I agree with the out door use like planters, benches ,potting tables ect . I use lots of western red ceder when I build decks.


----------



## devann (Jan 11, 2011)

It's easy to work with and does hold up well as a1Jim mentioned. Here's a project that I used some leftover western red cedar to make. Hope it gives you some more ideas.
http://lumberjocks.com/projects/42304


----------



## Finn (May 26, 2010)

I have used western cedar to make small coin banks. 8" tall.


----------



## Elizabeth (Oct 17, 2009)

Thanks guys! I got the wood today, and it'll take a while to dry out but there are some gorgeous pieces in there. Also some firewood and some ants. Hopefully all of the ants have now been ejected outside the shop.

Here's a pic of about 3/4 of the load, stickered under the table saw for drying:


----------



## LeeBarker (Aug 6, 2010)

Western red cedar is wonderful outdoors, where it ages naturally to a beautiful silver color. Though initially the wood will be of several shades from nearly yellow-white to rusty red, it will all age to about the same silver-gray.

The grain is very understated.

It does not hold fasteners very well. It is soft and dents easily.

It machines well and rarely tears out.

Don't let the knots fool you. As soft as the rest of the board is, the knots are harder than a train robber's heart.

Yellow glue works but I am thinking that PU might be a better choice, judiciously used.

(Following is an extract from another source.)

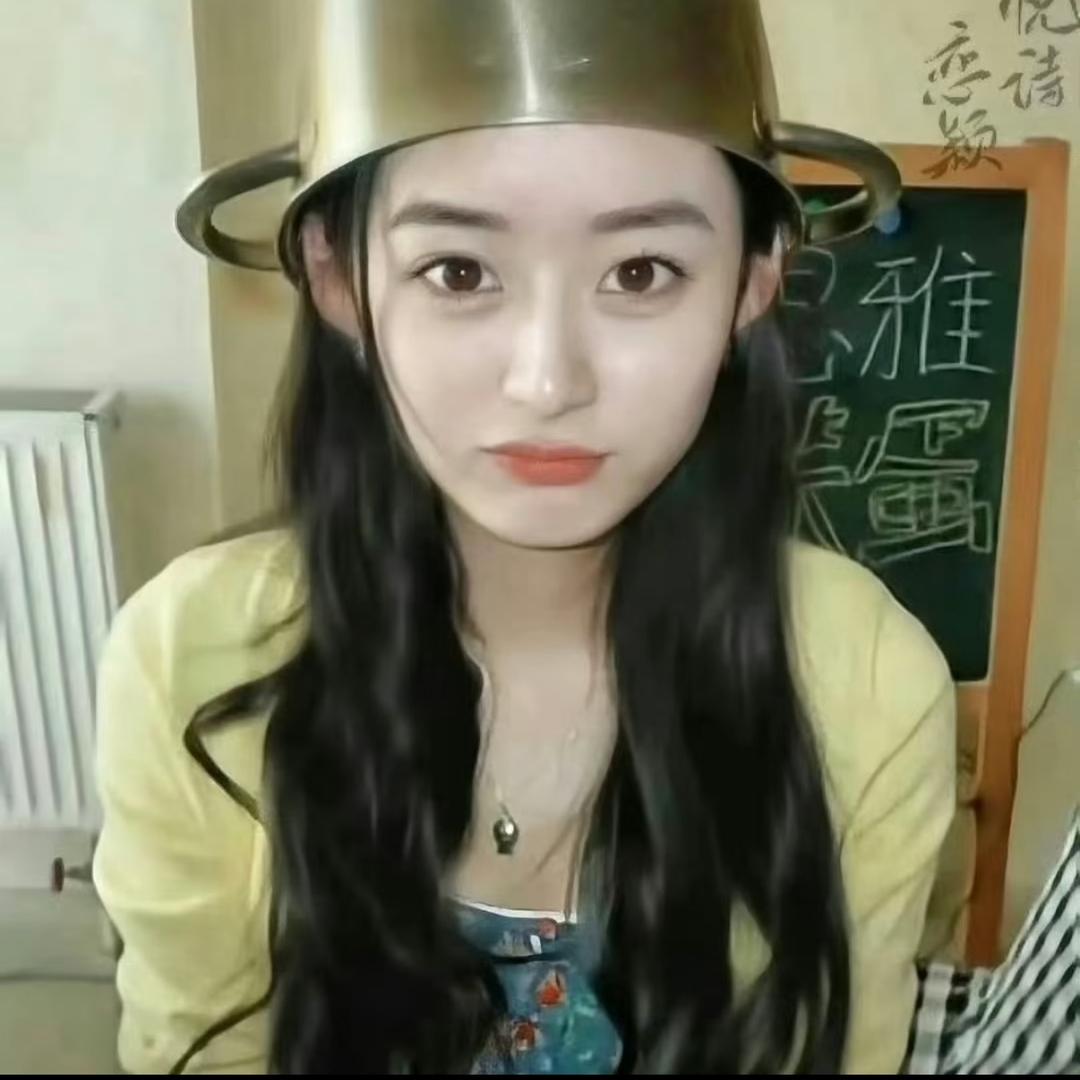 不要🙅‍♀️在吃啦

Congrats on your score. I think that's a great haul for a coupla tens.

Kindly,

Lee


----------



## DLCW (Feb 18, 2011)

Great wood for making outdoor signs.


----------



## shopdog (Nov 9, 2008)

That's a good stash for $20.
Cedar is pretty soft, so I'm not sure about making pens…although it works for pencils.
I agree about planters…I've made lots of cedar plant boxes.
It scrolls very easily, but little pieces will be easily broken off fretwork, or puzzles.
Yesterday, I made a corner cabinet for my bathroom using scrap 1×6 WRC.
Easy to work with, and smells good in the shop.


----------